Quali sono state le difficoltà iniziali? 

“La difficoltà maggiore è stata trovare terra da coltivare, non abbiamo terra di proprietà. All’inizio la maggior parte delle terre era occupata da mais e soia per l’allevamento, ora dal vigneto, poi pian piano abbiamo trovato ottime situazioni per il tipo di agricoltura che volevamo intraprendere. Coltiviamo un campo di 1 ettaro a Volpago del Montello ed altri 5 ettari a Povegliano, in una terra ottimale perché lasciata da un agricoltore biodinamico che sosteneva il pascolo libero per cui abbiamo trovato la terra nutrita oltre alla presenza di siepi corpose, preziosi boschetti e canali d’acqua (in tutto 3 ettari).”

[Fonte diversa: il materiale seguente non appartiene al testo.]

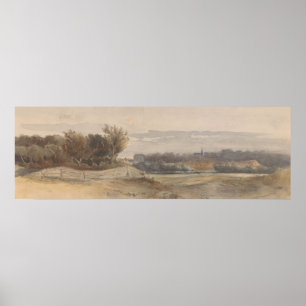 Panoramic Landscape (in or before 1903) Johan Poster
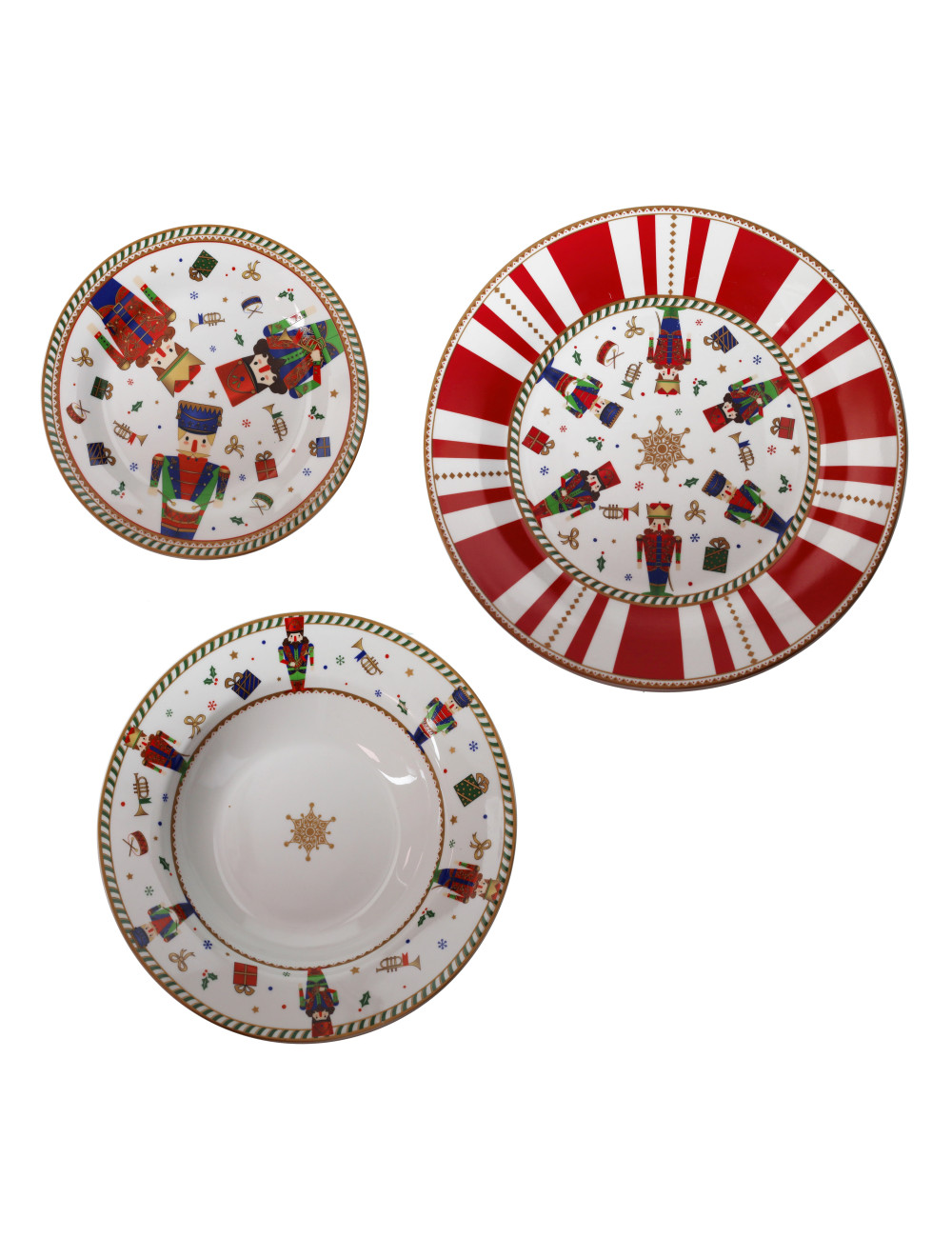 PORCELAIN 18 PC NUTCRACKER DINNER SERVICE | Brandani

Come avete iniziato? Avevate qualche aiuto? 

“Fin dall’inizio amici e parenti sono stati essenziali sia per la parte pratica che per l’aspetto psicologico, in compagnia si lavora meglio! Senza questi aiuti sia all’inizio che ora, soprattutto in periodi particolari come d’estate in cui sia lavora molto perché ci sono sia le colture estive da curare e raccogliere che le invernali da preparare, non saremmo riusciti a portare avanti l’azienda. Troppo lavoro da sostenere senza avere la possibilità di retribuire manodopera extra. La grandinata di maggio 2022 ha distrutto tutto ciò che avevamo piantato, abbiamo dovuto bloccare i mercati per 1 mese e mezzo ed anche in questa occasione è stato basilare il sostegno dei nostri clienti abituali, di vivai che ci hanno regalato piantine, di realtà che hanno organizzato raccolta fondi e di amici che hanno lavorato insieme a noi; poi un meteo fortunato ha permesso di ottenere un ottimo raccolto.”

 

Cosa avete cambiato in questi anni di fluttuazioni climatiche? 

“Il nostro metodo di lavoro che comprende la presenza di siepi, di biodiversità, il lasciare finire alle piante il ciclo naturale con la completa maturazione, l’utilizzo di piante spontanee per arricchire il suolo, la presenza di erba sotto gli alberi per sostenere il ciclo di insetti specifici, ha permesso di non avere parassiti invadenti (eccetto la dorifera sulla patata un po’ ostica da debellare) a partire circa dall’ottavo anno di lavoro gli insetti utili sono riusciti a contenere i parassiti ad un livello accettabile. Qualche problema lo creano le monoculture vicine. Ad esempio, in anni siccitosi le monoculture di colza hanno attratto l’Altica, una pulce di terra, la quale poi invadeva i nostri campi. Non è semplice fare agricoltura ecologica in una campagna veneta sempre più devastata e richiede molte attenzioni per ricreare contesti protetti e naturali.”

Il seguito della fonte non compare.